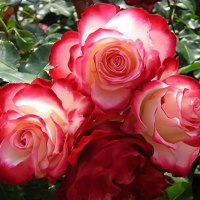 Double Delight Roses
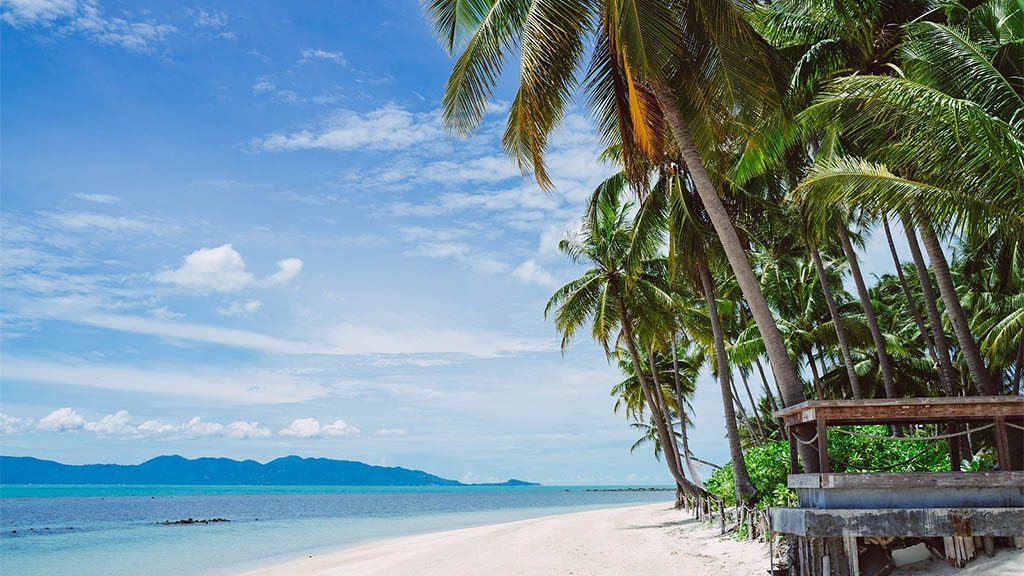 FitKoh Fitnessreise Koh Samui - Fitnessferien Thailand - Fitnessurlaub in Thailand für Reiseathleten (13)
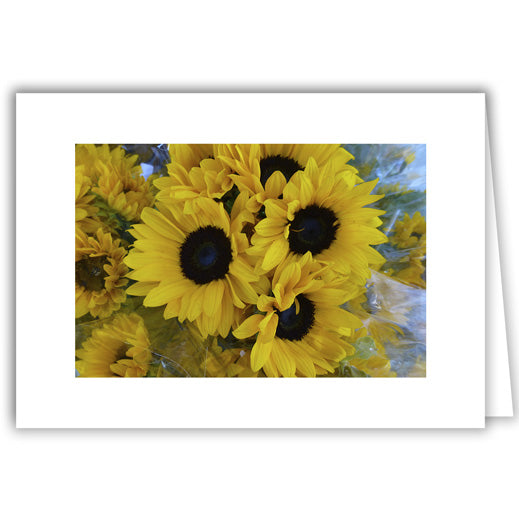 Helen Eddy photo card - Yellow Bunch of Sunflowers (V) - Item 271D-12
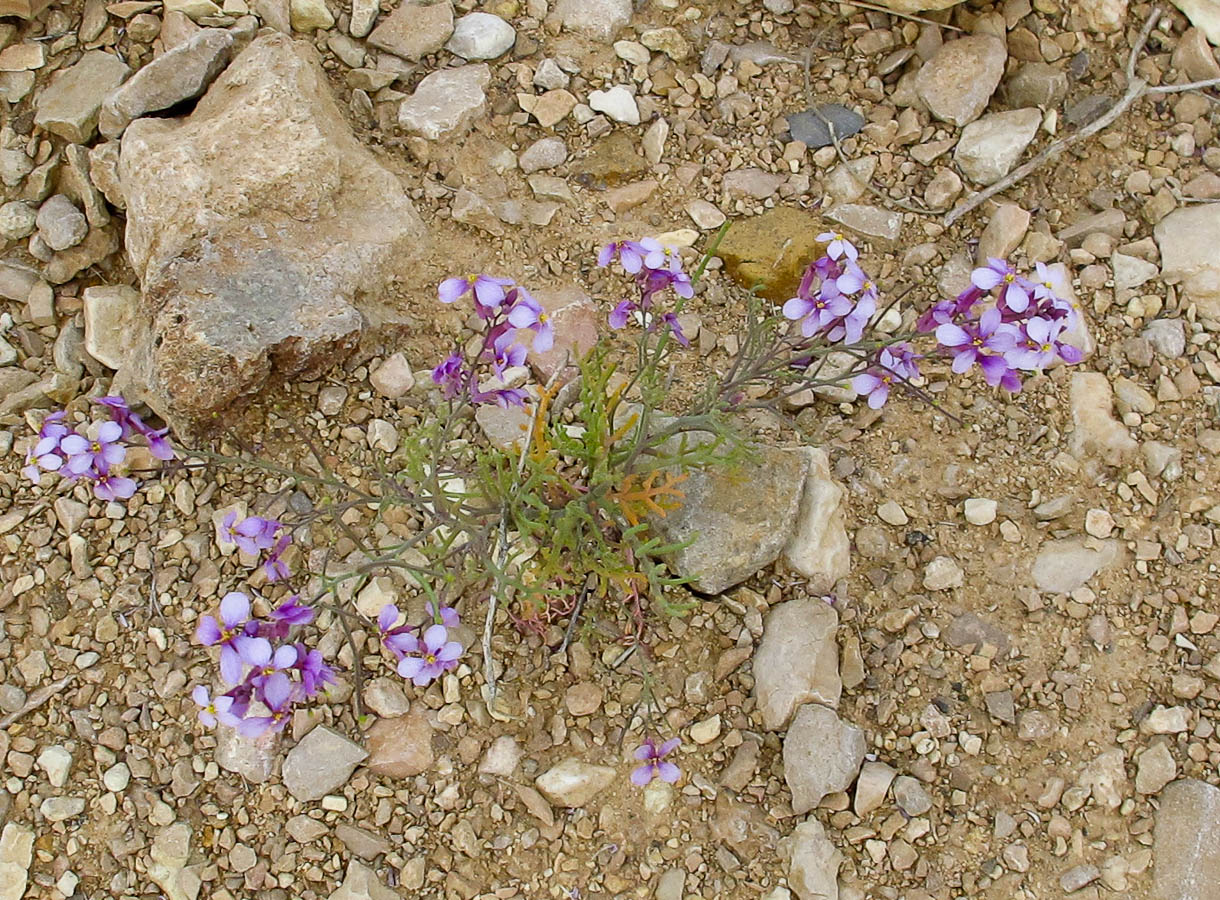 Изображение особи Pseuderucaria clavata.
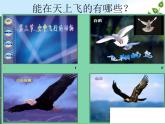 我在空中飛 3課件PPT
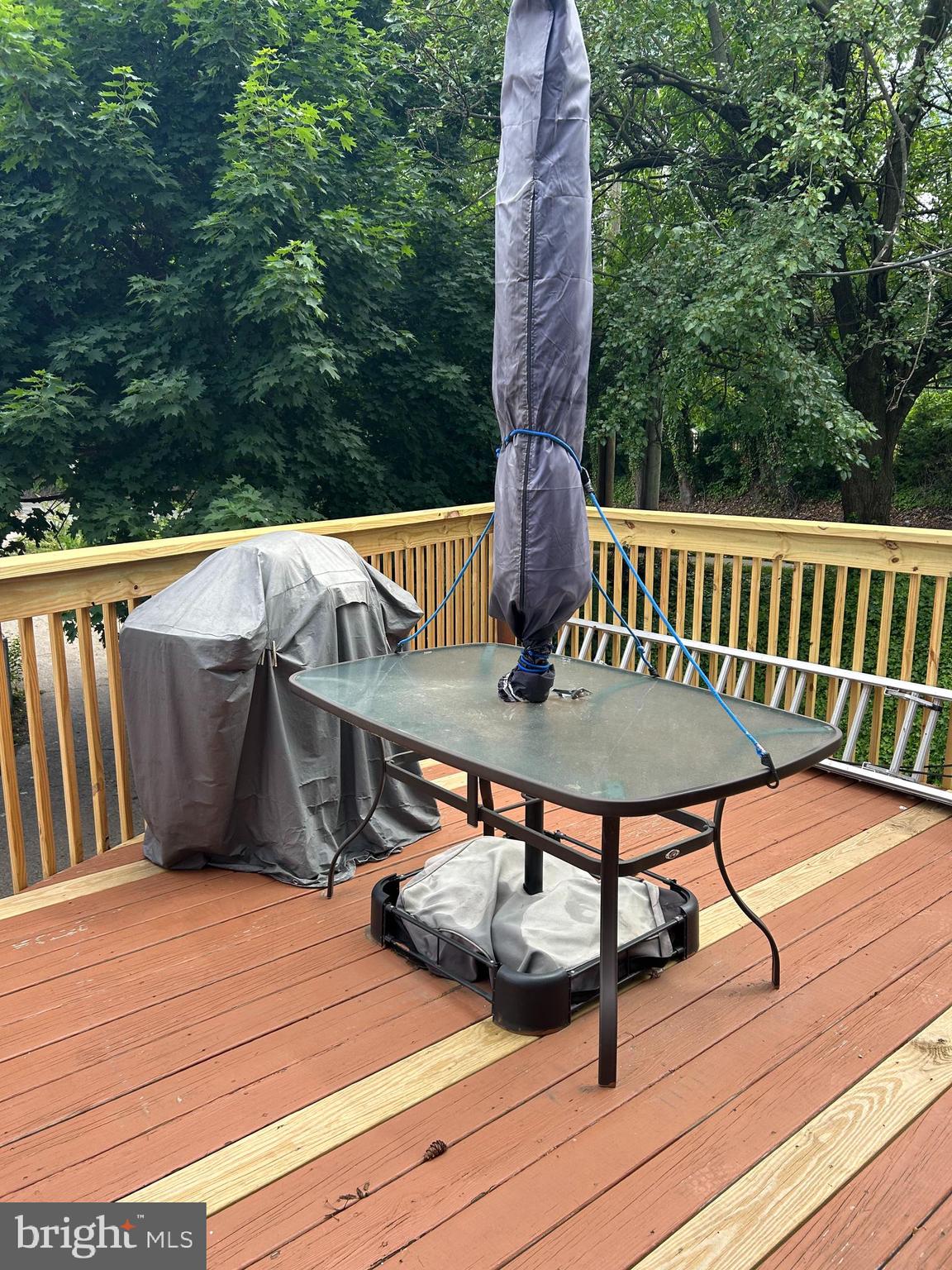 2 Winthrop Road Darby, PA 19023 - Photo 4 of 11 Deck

^^^^^^^^

▶ _Problem to solve_: An exact copy of the lines from the one with "Изображение особи Pseuderucaria clavata." through the last line of the records, inclusive, is required, with all pictures left out.

▶ _Reply_:
 Изображение особи Pseuderucaria clavata.
 我在空中飛 3課件PPT
 2 Winthrop Road Darby, PA 19023 - Photo 4 of 11 Deck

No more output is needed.